[Recorded information Boundary: Start]
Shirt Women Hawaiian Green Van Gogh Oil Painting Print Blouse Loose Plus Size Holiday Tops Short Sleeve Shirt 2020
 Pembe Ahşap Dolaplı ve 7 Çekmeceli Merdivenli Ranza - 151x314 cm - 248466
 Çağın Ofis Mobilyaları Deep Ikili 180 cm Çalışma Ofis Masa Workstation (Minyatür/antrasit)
[Recorded information Boundary: End]
**Activity:** Print the complete listing again, exactly as it stands.

**Solution:**
Shirt Women Hawaiian Green Van Gogh Oil Painting Print Blouse Loose Plus Size Holiday Tops Short Sleeve Shirt 2020
 Pembe Ahşap Dolaplı ve 7 Çekmeceli Merdivenli Ranza - 151x314 cm - 248466
 Çağın Ofis Mobilyaları Deep Ikili 180 cm Çalışma Ofis Masa Workstation (Minyatür/antrasit)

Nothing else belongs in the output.